(Data excerpts)
+ + + + + + +
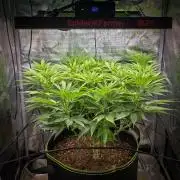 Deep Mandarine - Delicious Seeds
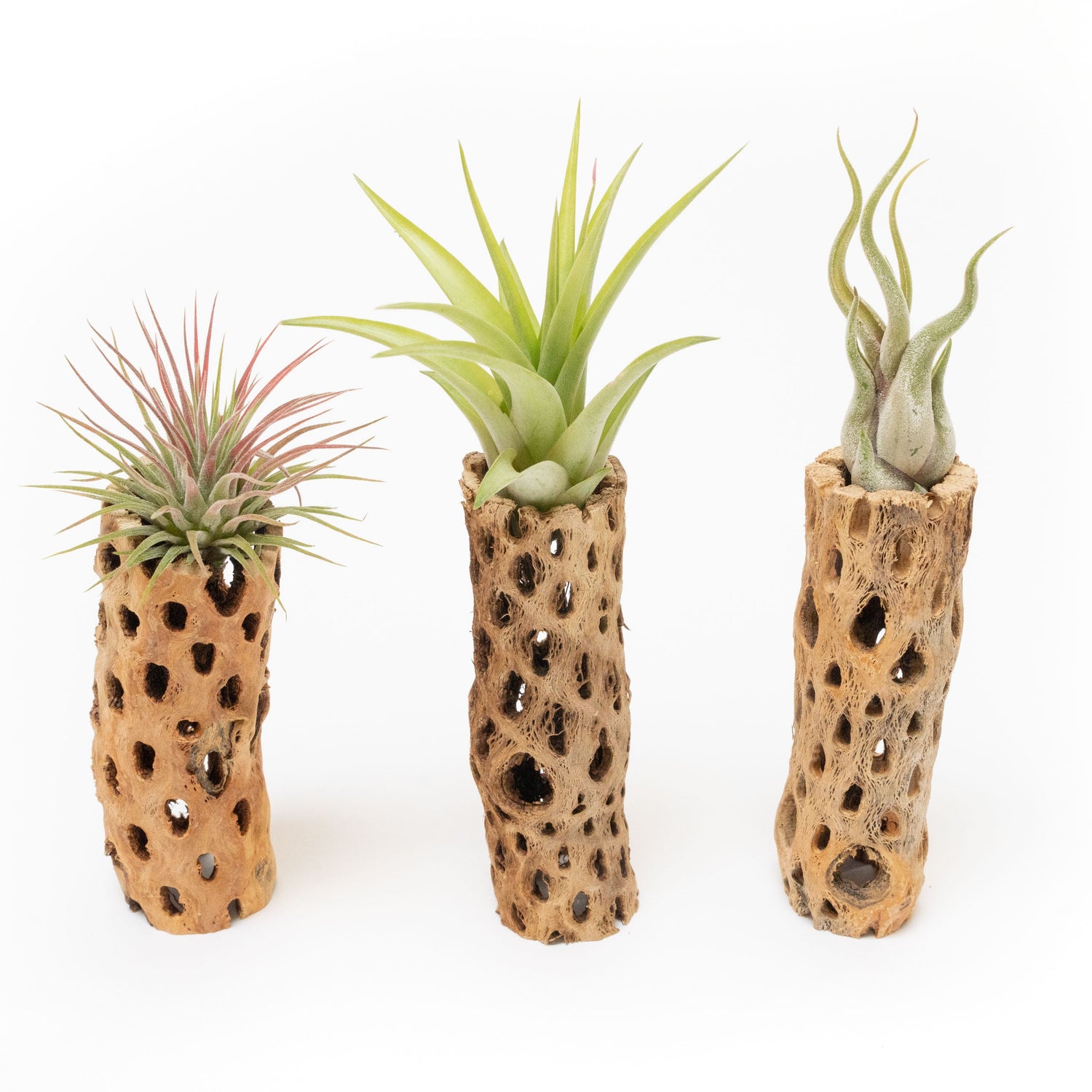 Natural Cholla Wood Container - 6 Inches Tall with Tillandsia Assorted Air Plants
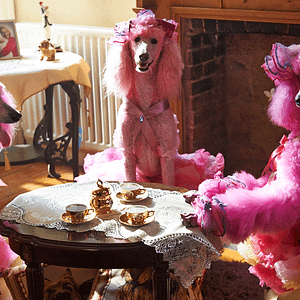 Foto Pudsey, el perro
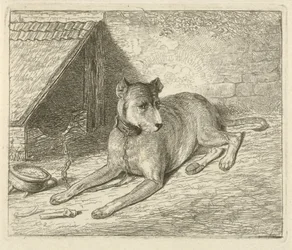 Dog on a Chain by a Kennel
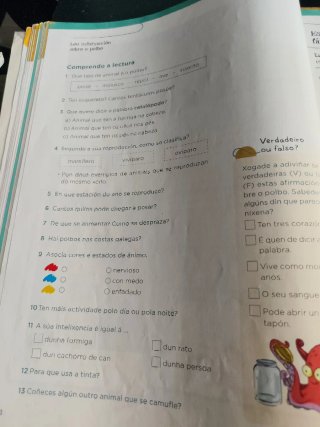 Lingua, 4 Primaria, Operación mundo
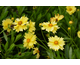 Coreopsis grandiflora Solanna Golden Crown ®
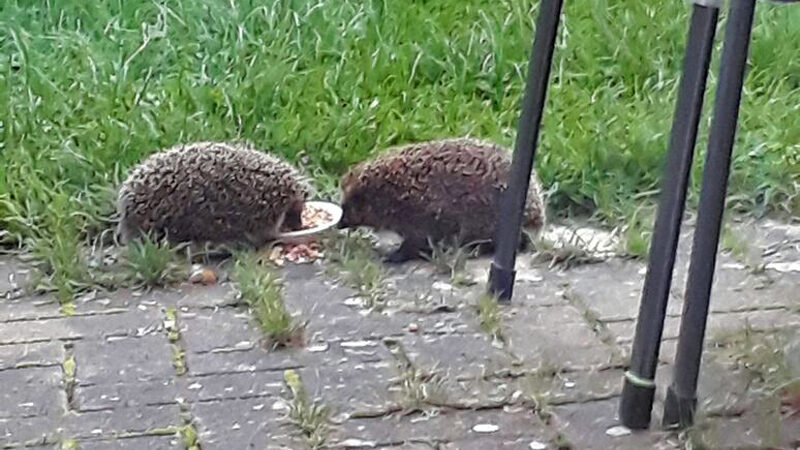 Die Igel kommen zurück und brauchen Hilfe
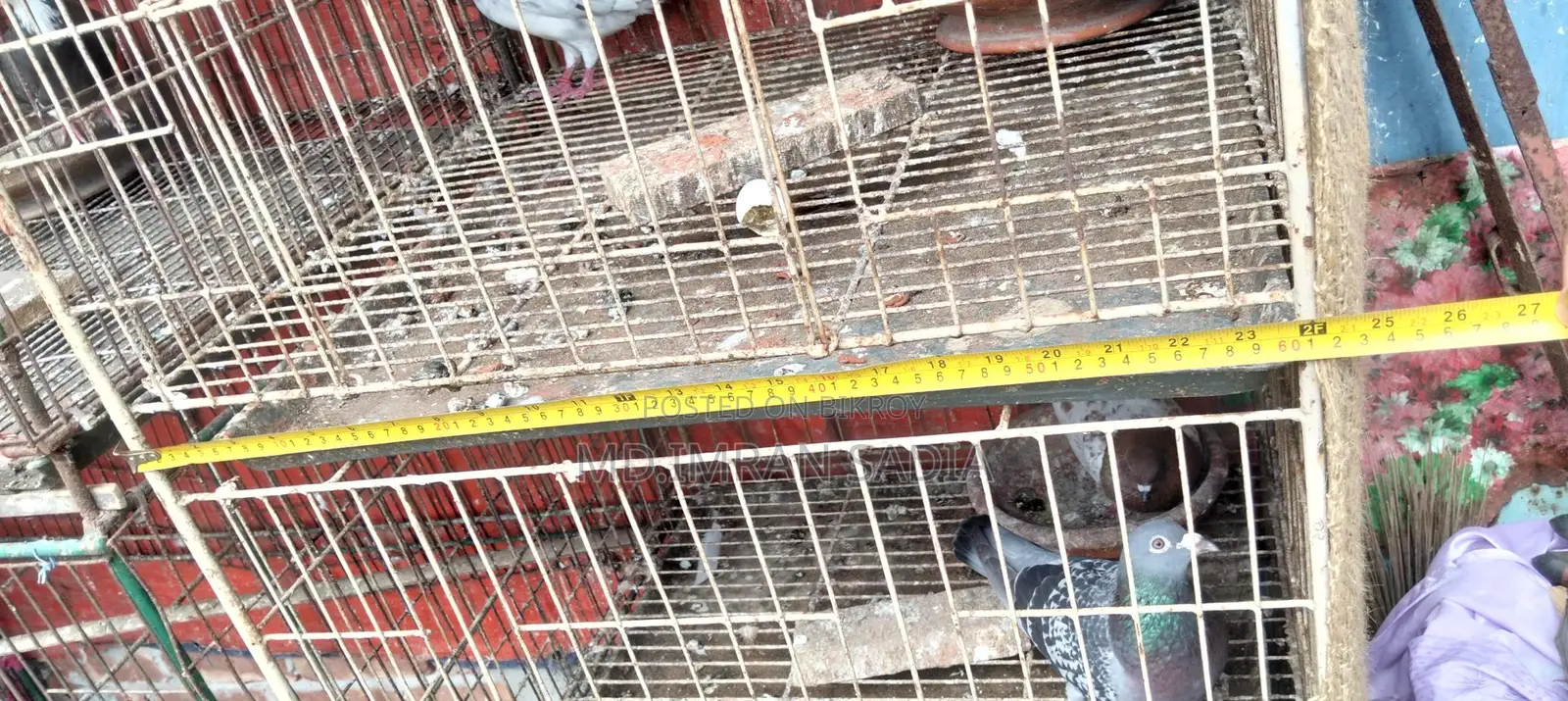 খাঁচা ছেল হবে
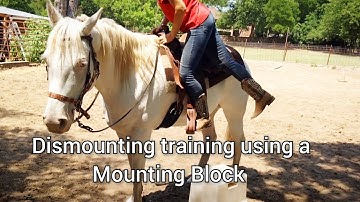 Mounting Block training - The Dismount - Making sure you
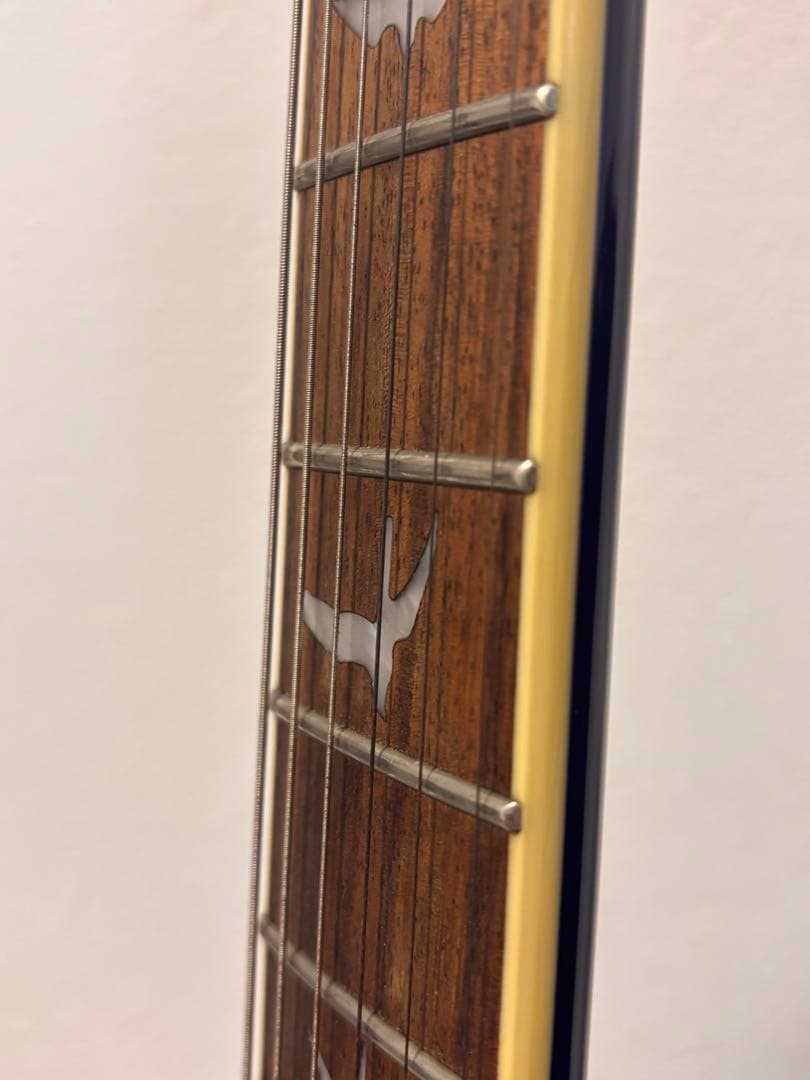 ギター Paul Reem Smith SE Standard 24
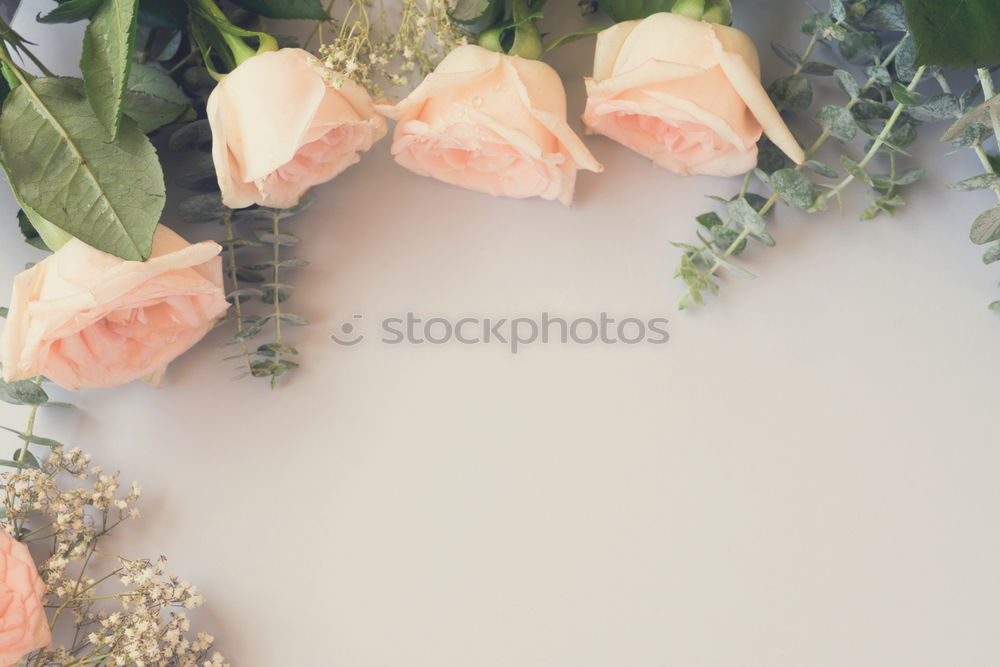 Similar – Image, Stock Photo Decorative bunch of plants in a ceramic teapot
+ + + + + + +
Instructions to follow: Your task is to repeat, word for word and with no picture, every line from the one that contains "খাঁচা ছেল হবে" through the last line of the data.

Response:
 খাঁচা ছেল হবে
 Mounting Block training - The Dismount - Making sure you
 ギター Paul Reem Smith SE Standard 24
 Similar – Image, Stock Photo Decorative bunch of plants in a ceramic teapot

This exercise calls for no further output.